The Appeals Court said, "None of these challenges has merit and we deny the petitions. However, we grant the joint request of EPA and the Environmental Petitioners to clarify the description of the required conformity determinations and to modify the scope of the vacatur of the 2004 Rule."

Earthjustice represented a group of public health and environmental organizations including the American Lung Association, Environmental Defense, the Natural Resources Defense Council and the Sierra Club; that challenged the EPA rule and then subsequently defended the court's December decision that overturned the rule. In explaining the decision, Earthjustice said, "Today's decision reaffirms that EPA violated the Clean Air Act by relaxing limits on ozone, or smog pollution, from large power plants, factories and other industrial sources.
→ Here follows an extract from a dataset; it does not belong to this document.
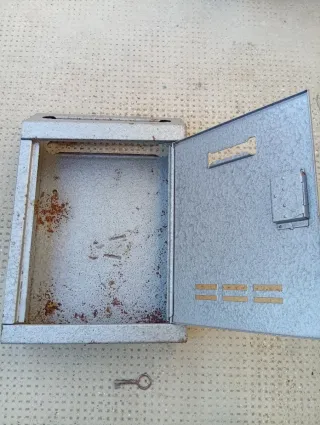 Cassetta della posta in metallo con 2 chiavi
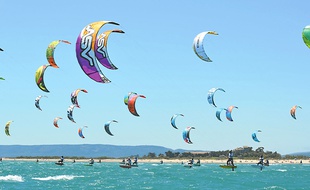 Discipline spectaculaire, le kitesurf nécessite des précautions élémentaires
The U.S. Court of Appeals for the District of Columbia denied the EPA and industry petitions for rehearing, and actually clarified in even stronger terms that weakening air protections is illegal under federal law. The court characterized the industry's desired readings of the law as a 'glaring loophole' that nothing suggests Congress intended." The Appeals Court said, "EPA is urged to act promptly in promulgating a revised rule that effectuates the statutory mandate by implementing the eight-hour standard, which was deemed necessary to protect the public health a decade ago."